Highlights from The Rational Optimist
By Bryan Caplan
I finally got around to reading Matt Ridley’s The Rational Optimist. Highlights:
1. Ehrlich’s errors were worse than I realized:
In March of that year India issued a postage stamp celebrating the wheat revolution. That was the very same year the environmentalist Paul Ehrlich’s book The Population Bomb was published declaring it a fantasy that India would ever feed itself. His prediction was wrong before the ink was dry. By 1974, India was a net exporter of wheat.
2. How non-renewable energy is more abundant than renewable energy:
The Atlantic Ocean is not infinite, but that does not mean you have to worry about bumping into Newfoundland if you row a dingy out of a harbour in Ireland. Some things are finite but vast; some things are infinitely renewable, but very limited. Non-renewable resources such as coal are sufficiently abundant to allow an expansion of both economic activity and population to the point where they can generate sustainable wealth for all the people of the planet without hitting a Malthusian ceiling, and can then hand the baton to some other form of energy.
3. The fallacy of pessimistic extrapolation:
[T]he pessimists are right when they say that, if the world continues as it is, it will end in disaster for humanity. If all transport depends on oil, and oil runs out, then transport will cease. If agriculture continues to depend on irrigation and aquifers are depleted, then starvation will ensue. But notice the conditional: if. The world will not continue as it is.
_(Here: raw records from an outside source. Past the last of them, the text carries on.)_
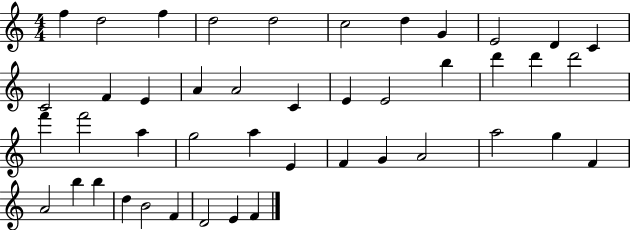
X:1
T:Untitled
M:4/4
L:1/4
K:C
f d2 f d2 d2 c2 d G E2 D C C2 F E A A2 C E E2 b d' d' d'2 f' f'2 a g2 a E F G A2 a2 g F A2 b b d B2 F D2 E F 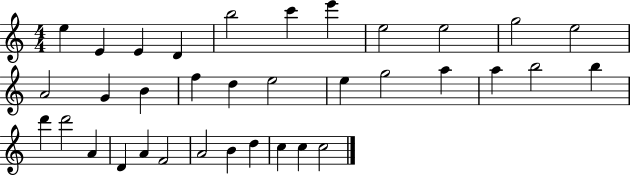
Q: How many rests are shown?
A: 0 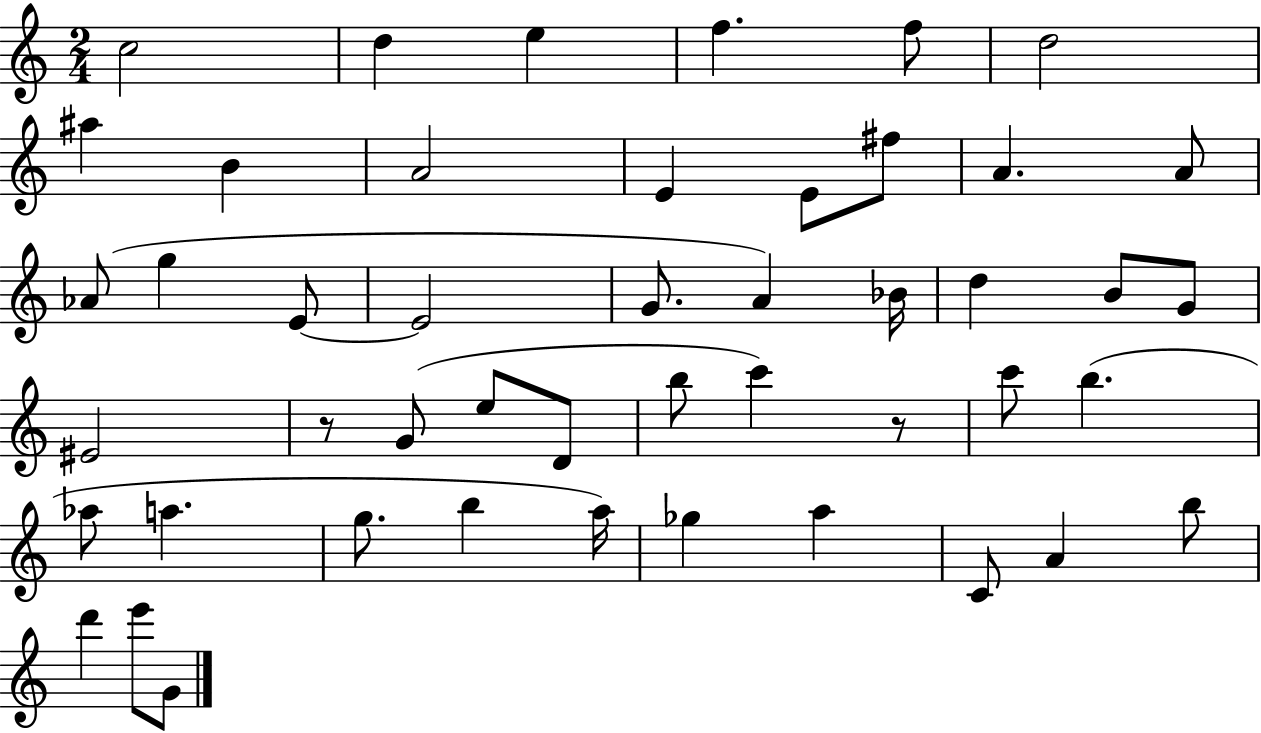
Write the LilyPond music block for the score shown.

{
  \clef treble
  \numericTimeSignature
  \time 2/4
  \key c \major
  c''2 | d''4 e''4 | f''4. f''8 | d''2 | \break ais''4 b'4 | a'2 | e'4 e'8 fis''8 | a'4. a'8 | \break aes'8( g''4 e'8~~ | e'2 | g'8. a'4) bes'16 | d''4 b'8 g'8 | \break eis'2 | r8 g'8( e''8 d'8 | b''8 c'''4) r8 | c'''8 b''4.( | \break aes''8 a''4. | g''8. b''4 a''16) | ges''4 a''4 | c'8 a'4 b''8 | \break d'''4 e'''8 g'8 | \bar "|."
} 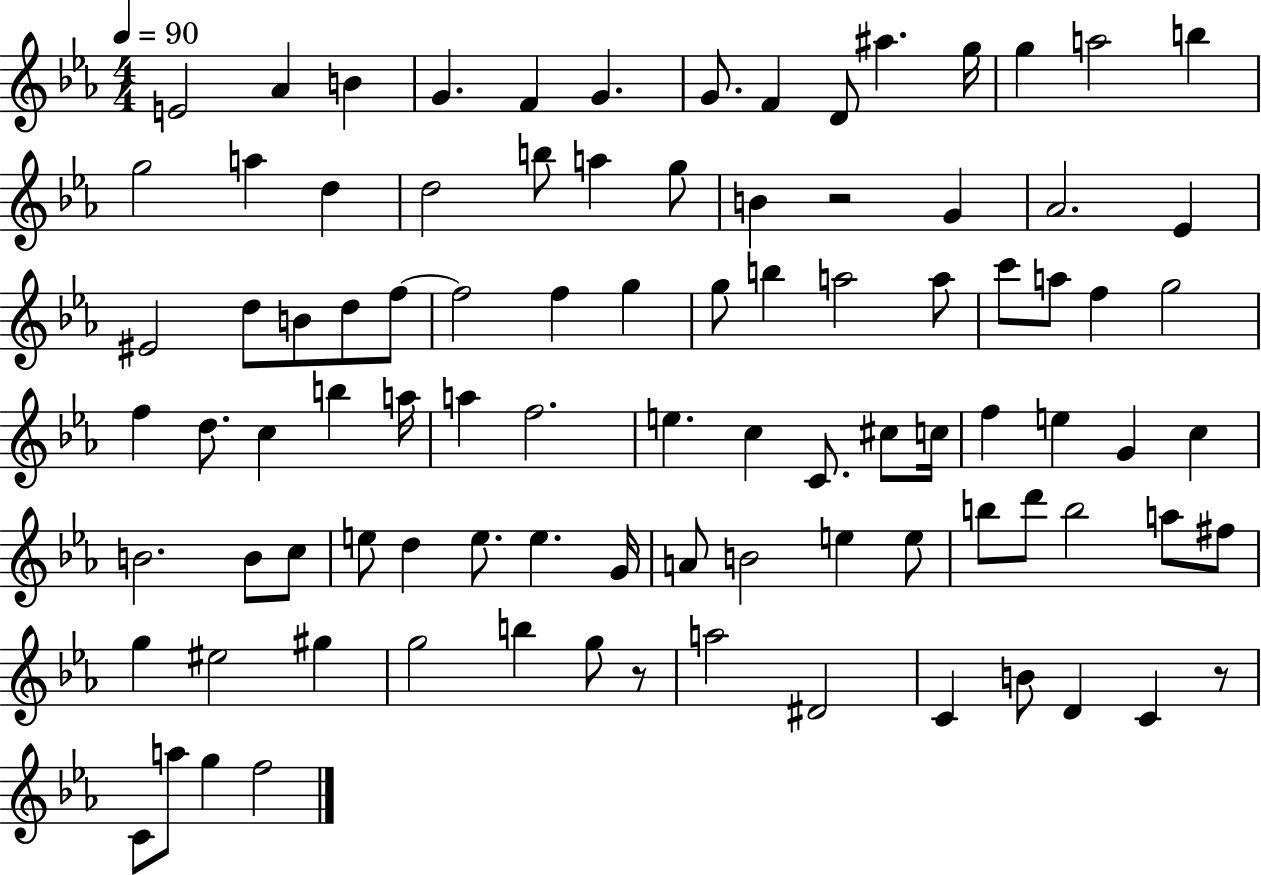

That is the whole point of human progress, the whole message of cultural evolution, the whole import of dynamic change – and the whole thrust of this book.
4. Collective irrational pessimism vs. individual irrational optimism:
People… tend to assume that they will live longer, stay married longer and travel more than they do. Some 19 per cent of Americans believe themselves to be in the top 1 per cent of income earnings. [At the same time, though, I’ve noticed that most people who are in the top 1% don’t realize it. -B.C.]
5. Declining flu mortality is not dumb luck.
The modern way of lie, with lots of travel but also rather more personal space, tends to encourage mild, casual-contact viruses that need their victims to be healthy enough to meet fresh targets fleetingly…
[W]hy then did H1N1 flu kill perhaps fifty million people in 1918? Ewald and others think the explanation lies in the trenches of the First World War. So many wounded soldiers, in such crowded conditions, provided a habitat ideally suited to more virulent behaviour by the virus: people could pass on the virus while dying.
6. The wisdom of Bill Clinton:
“I want to stress the urgency of the challenge,” said Bill Clinton once: “This is not one of the summer movies where you can close your eyes during the scary parts.” He was talking not about climate change but about Y2K: the possibility that all computers would crash at midnight on 31 December 1999.
The main argument I wish Ridley pursued more: How the very existence of civilization creates a mighty presumption against pessimism in all its forms. But I view his omission optimistically: The arguments for optimism are so numerous that no one book can contain them all.